Greatest hits album by Kamal Heer
- Released: 17 June 2008
- Recorded: 2000–2007
- Genre: Punjabi, Sad
- Length: 48 Minutes
- Label: Plasma Records
- Producer: Sangtar

Kamal Heer chronology
| Chan Jiha Gabhru (2007) | Moti Chun Ke (2008) | Jinday Ni Jinday (2009) |

= Moti Chun Ke =

Moti Chun Ke is a sad song collection by Punjabi singer Kamal Heer.
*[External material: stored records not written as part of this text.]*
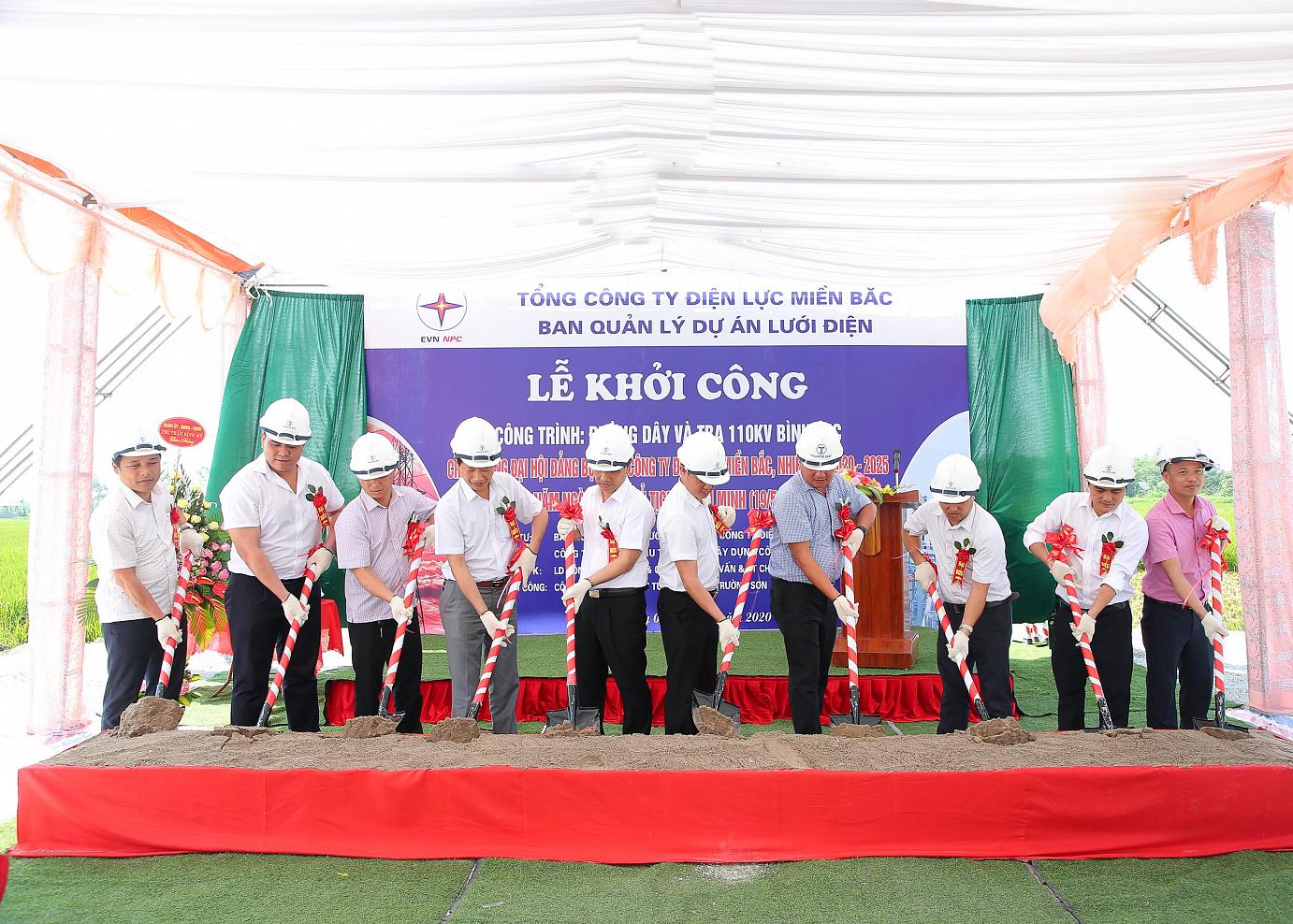 Khởi công dự án đường dây và trạm biến áp 110kV Bình Lục, tỉnh Hà Nam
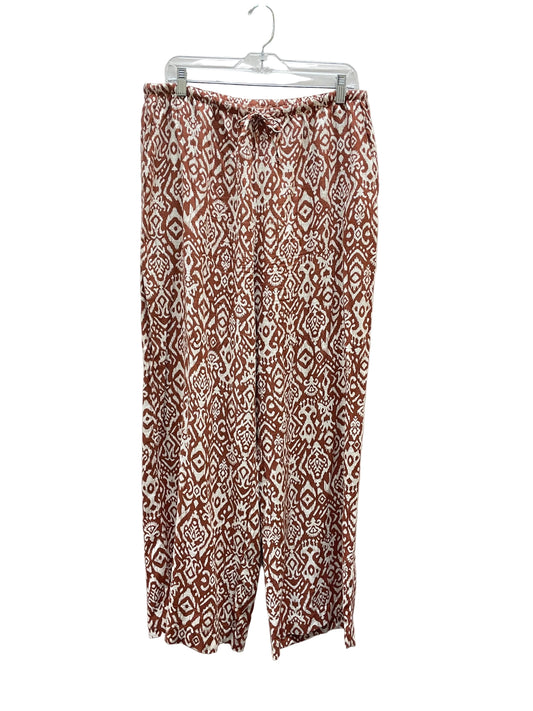 Pants Wide Leg By Haver + Blair In Brown & White, Size:L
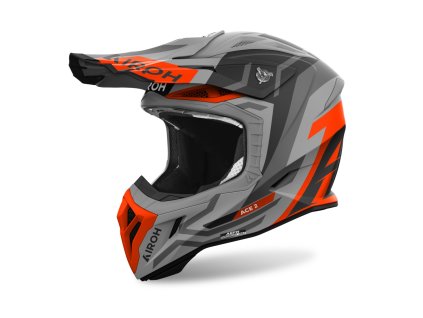 přilba AVIATOR ACE 2 Ground  AIROH matná oranžová 2025 (Veľkosť XS)
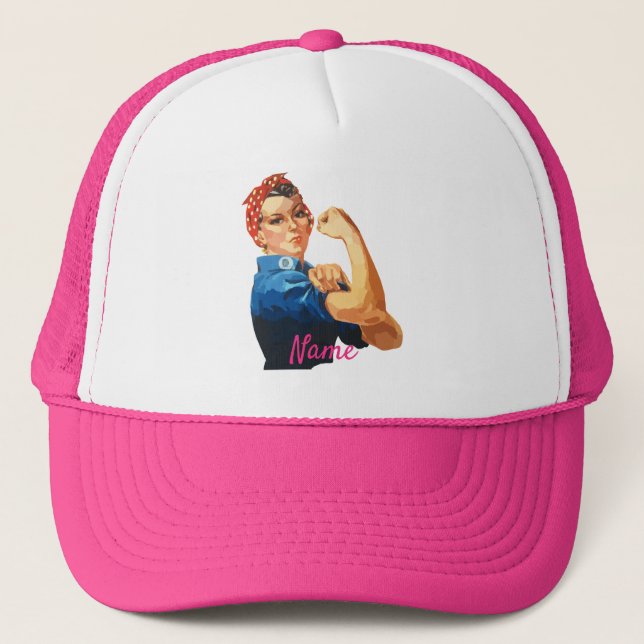 Female Empowerment Thunder_Cove Trucker Hat (Front)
The music was composed and produced by Sangtar.

==Track listing==

Moti Chun Ke
| No. | Title | Lyrics | Original Album | Length |
|---|---|---|---|---|
| 1. | "Moti Chun Ke" | Charan Likhari | Chan Jiha Gabhru | 4:37 |
| 2. | "Yaad Aegi" | Malkiat Meet | Masti-Kanthay Vala | 4:14 |
| 3. | "Dila Meria" | Davinder Khannewala | Kamli | 5:01 |
| 4. | "Poonian Da Rang" | Mangal Hathur | Masti 2 | 5:24 |
| 5. | "Yaad Kar Kar Ke" | Mangal Hathur | Masti Three | 4:57 |
| 6. | "Sharab Vichon Tohlde Pae" | Debi Makhsoospuri | Masti 2 | 5:58 |
| 7. | "Chan Meria" | Mangal Hathur | Masti Three | 5:33 |
| 8. | "Yeh Kaise Yaarane Hai" | Debi Makhsoospuri | Kamli | 4:57 |
| 9. | "Akhari Salaam" | Debi Makhsoospuri | Masti-Kanthay Vala | 4:28 |
| 10. | "Hathiar Na Chaliye" | Mangal Hathur | Chan Jiha Gabhru | 3:34 |
| Total length: |  |  |  | 48:43 |

==Award nominations==
Moti Chun Ke was nominated for "Best Folk-Pop Album" at the 2009 PTC Punjabi Music Awards. Also the song "Hathiar Na Chaliye" got Kamal Heer nominated for "Best Folk-Pop Vocalist".